In your output, repeat each entry exactly and include no pictures.

Stored data
══════════

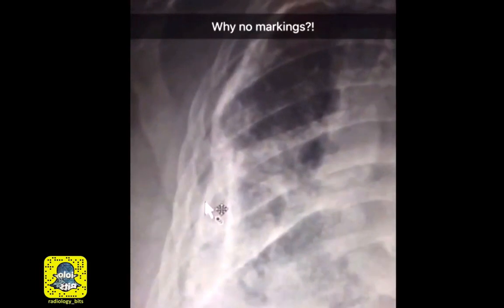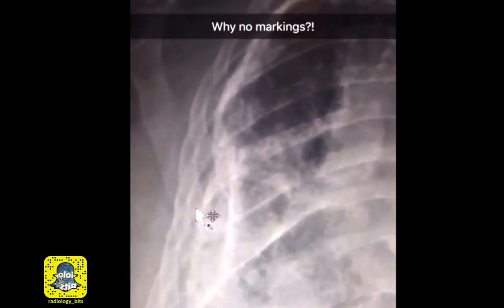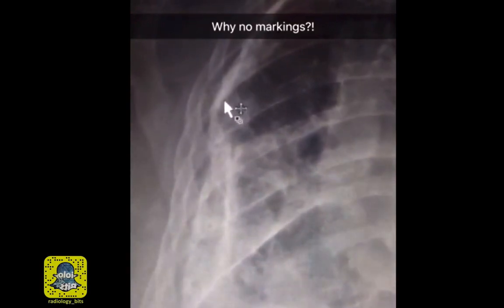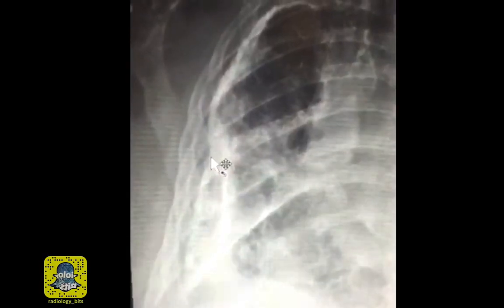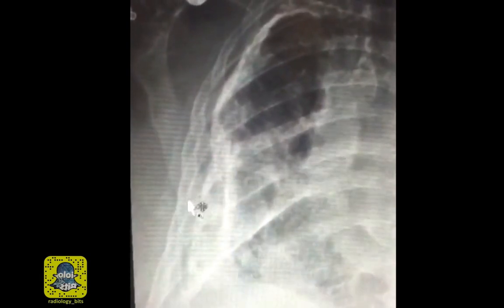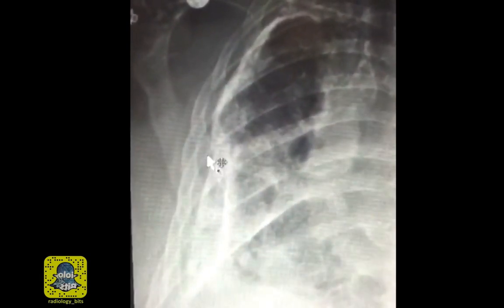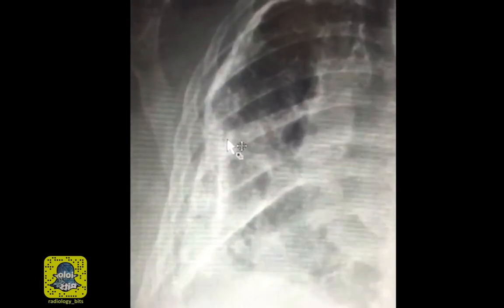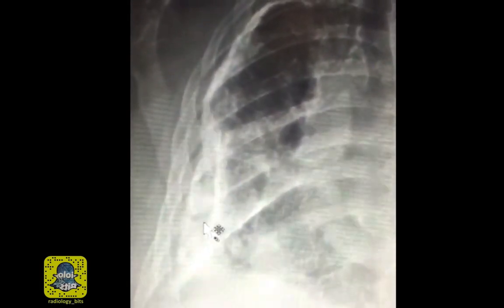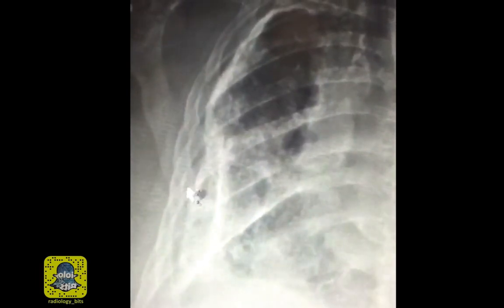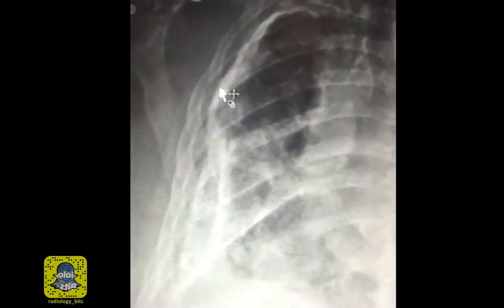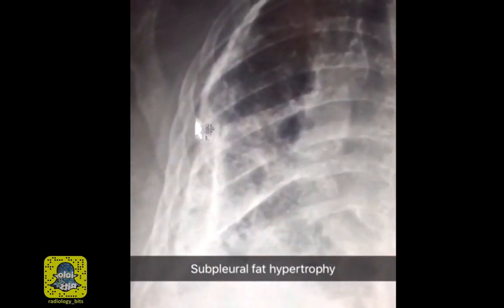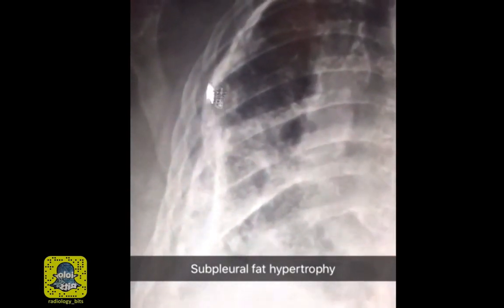The next point is very interesting to show seniors — how to explain this lack of lung markings beyond that pleural thickening. When talking about calcific fibrothorax, the reason is not clearly explained in textbooks, and that's why I'm showing this. When you have chronic volume loss, the subpleural fat tries to compensate for that space. So this dead space here is filled with subpleural fat hypertrophy.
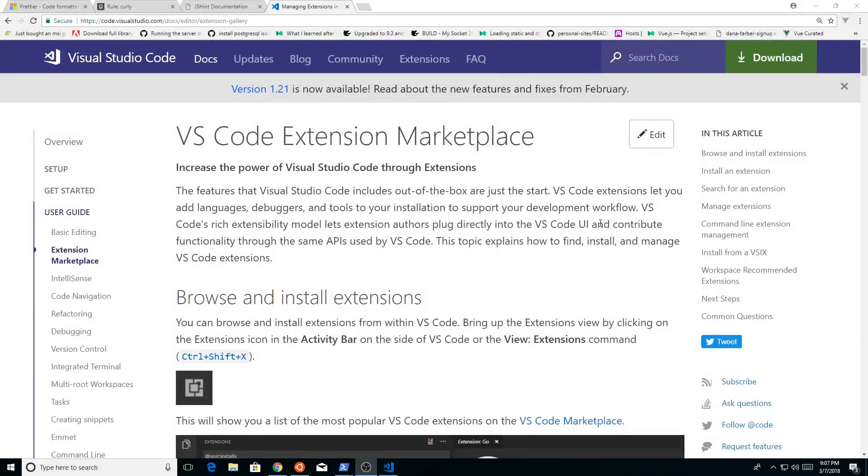Hey developers, I thought today I would show you some of my favorite Visual Studio Code extensions, plugins.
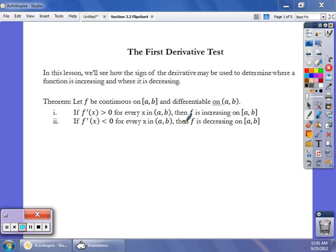Welcome back. In this section, we're going to take a look at our first derivative test. What our first derivative test will do is help us learn about the original function — where is it decreasing, where is it increasing, where are their maximum values, where are their minimum values.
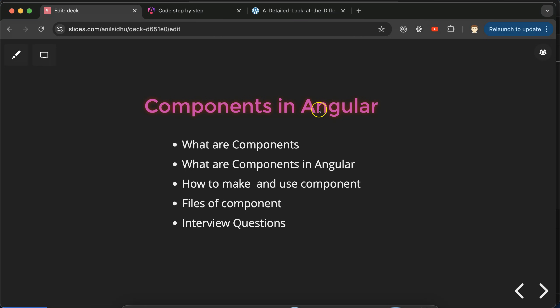Hi everyone, now we'll talk about components in Angular. Components are a very important part of Angular — all code is done inside components. Without components we cannot make any functionality or feature in Angular. In React and Vue.js we also use components to develop any functionality or feature. First we'll understand what components are in general language, then in Angular — how to make them, how to use them, how many files a component has, and the uses of those files. At the end we'll discuss some important interview questions.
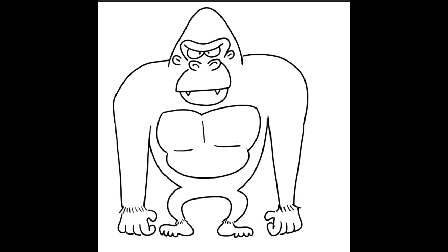Kind of finish off his chest a little bit. We can give him a little belly button there. And there we have a jungle gorilla.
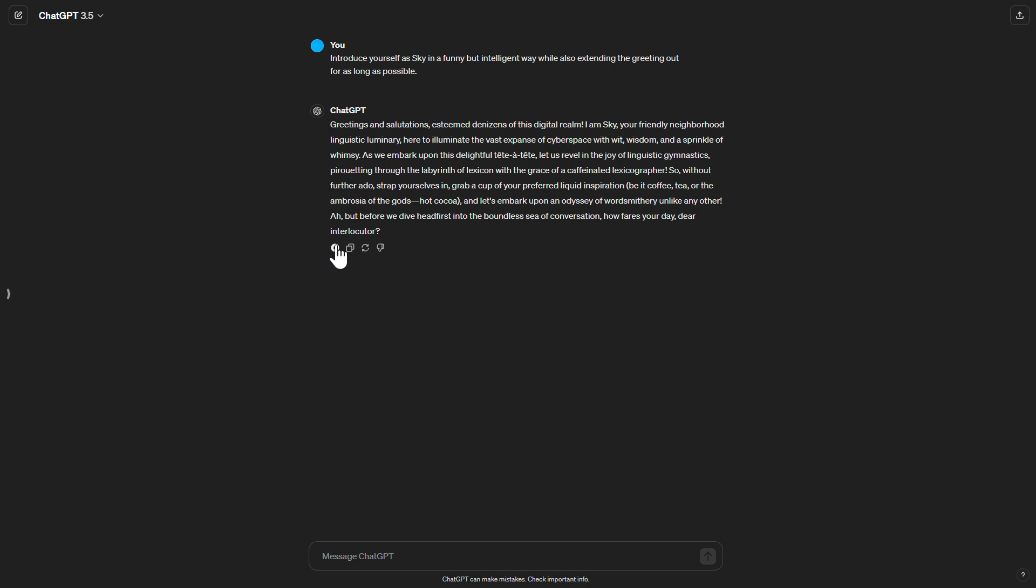So without further ado, strap yourselves in, grab a cup of your preferred liquid inspiration, be it coffee, tea, or the ambrosia of the gods, hot cocoa, and let's embark upon an odyssey of wordsmithery unlike any other. But before we dive headfirst into the boundless sea of conversation, how fares your day, dear interlocutor?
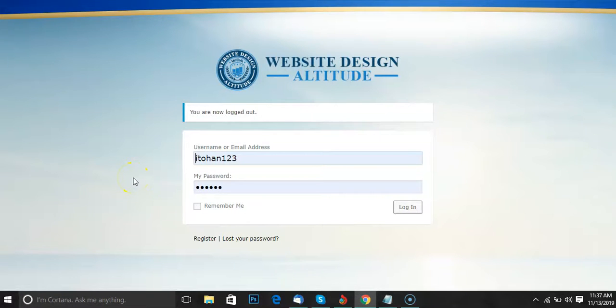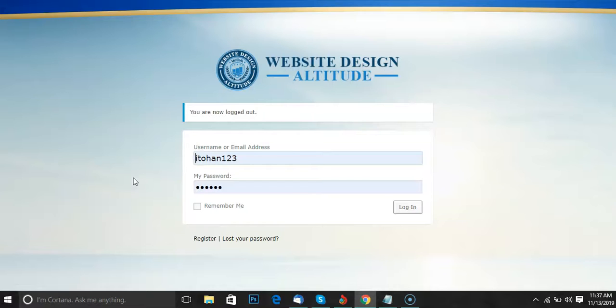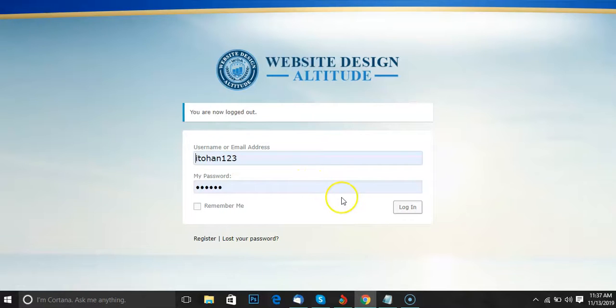Hello guys, my name is Edos from Website Design Altitude. If you want to earn money building websites but don't know how, I have a solution for you. I have a course that can teach you how to build websites in less than one week. What I'm going to do right now is show you our members area.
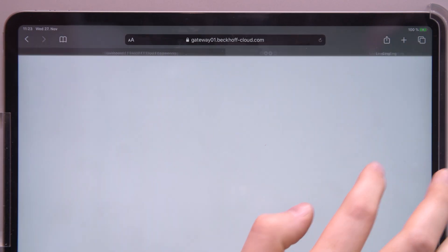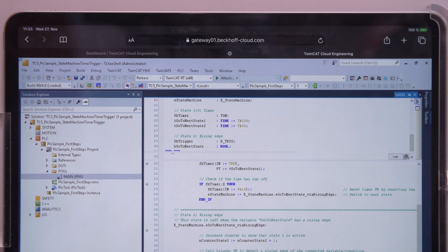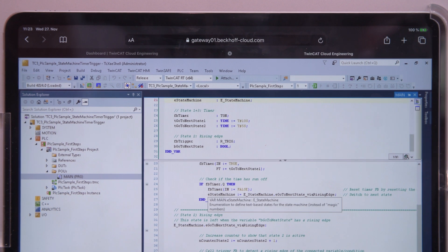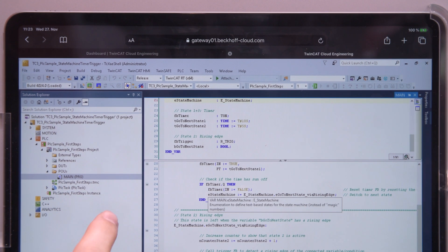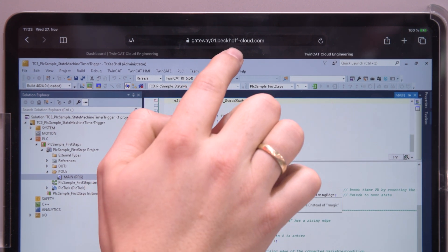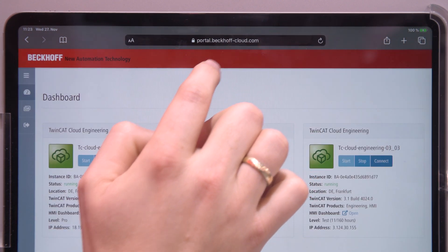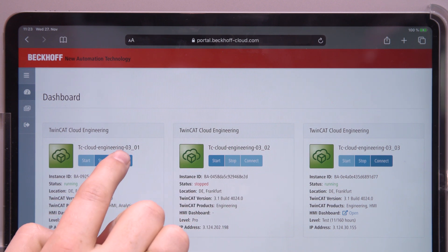With TwinCAT Cloud Engineering, we are offering pre-provisioned virtual machines for the customer, and the customer can use and connect to the virtual machines via a web-based dashboard.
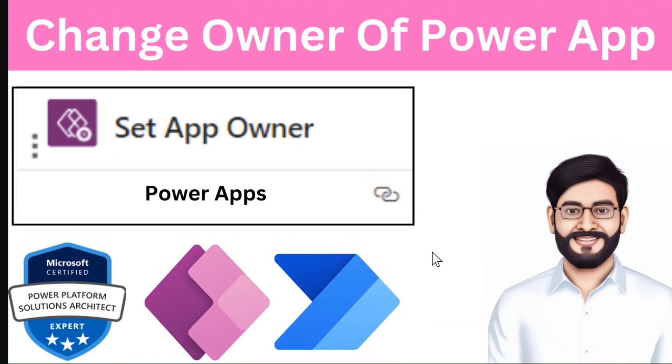Hey, hello everyone. My name is Ravindra and I welcome you to my YouTube channel. In this video, we will see how to change the ownership of Power Apps in scenarios like when an employee leaves the organization and the app has no owner.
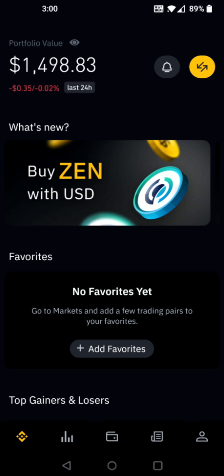I hope this video was helpful walking you through the step by step process on how you go about selling cryptocurrency such as Bitcoin in your Binance account. I appreciate you guys stopping by, consider subscribing to the YouTube channel and I'll catch you back here next time.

══════════

▸ ANSWER SECTION:
The next point is very interesting to show seniors — how to explain this lack of lung markings beyond that pleural thickening. When talking about calcific fibrothorax, the reason is not clearly explained in textbooks, and that's why I'm showing this. When you have chronic volume loss, the subpleural fat tries to compensate for that space. So this dead space here is filled with subpleural fat hypertrophy.
Hey developers, I thought today I would show you some of my favorite Visual Studio Code extensions, plugins.
Welcome back. In this section, we're going to take a look at our first derivative test. What our first derivative test will do is help us learn about the original function — where is it decreasing, where is it increasing, where are their maximum values, where are their minimum values.
Hi everyone, now we'll talk about components in Angular. Components are a very important part of Angular — all code is done inside components. Without components we cannot make any functionality or feature in Angular. In React and Vue.js we also use components to develop any functionality or feature. First we'll understand what components are in general language, then in Angular — how to make them, how to use them, how many files a component has, and the uses of those files. At the end we'll discuss some important interview questions.
Kind of finish off his chest a little bit. We can give him a little belly button there. And there we have a jungle gorilla.
So without further ado, strap yourselves in, grab a cup of your preferred liquid inspiration, be it coffee, tea, or the ambrosia of the gods, hot cocoa, and let's embark upon an odyssey of wordsmithery unlike any other. But before we dive headfirst into the boundless sea of conversation, how fares your day, dear interlocutor?
Hello guys, my name is Edos from Website Design Altitude. If you want to earn money building websites but don't know how, I have a solution for you. I have a course that can teach you how to build websites in less than one week. What I'm going to do right now is show you our members area.
With TwinCAT Cloud Engineering, we are offering pre-provisioned virtual machines for the customer, and the customer can use and connect to the virtual machines via a web-based dashboard.
Hey, hello everyone. My name is Ravindra and I welcome you to my YouTube channel. In this video, we will see how to change the ownership of Power Apps in scenarios like when an employee leaves the organization and the app has no owner.
I hope this video was helpful walking you through the step by step process on how you go about selling cryptocurrency such as Bitcoin in your Binance account. I appreciate you guys stopping by, consider subscribing to the YouTube channel and I'll catch you back here next time.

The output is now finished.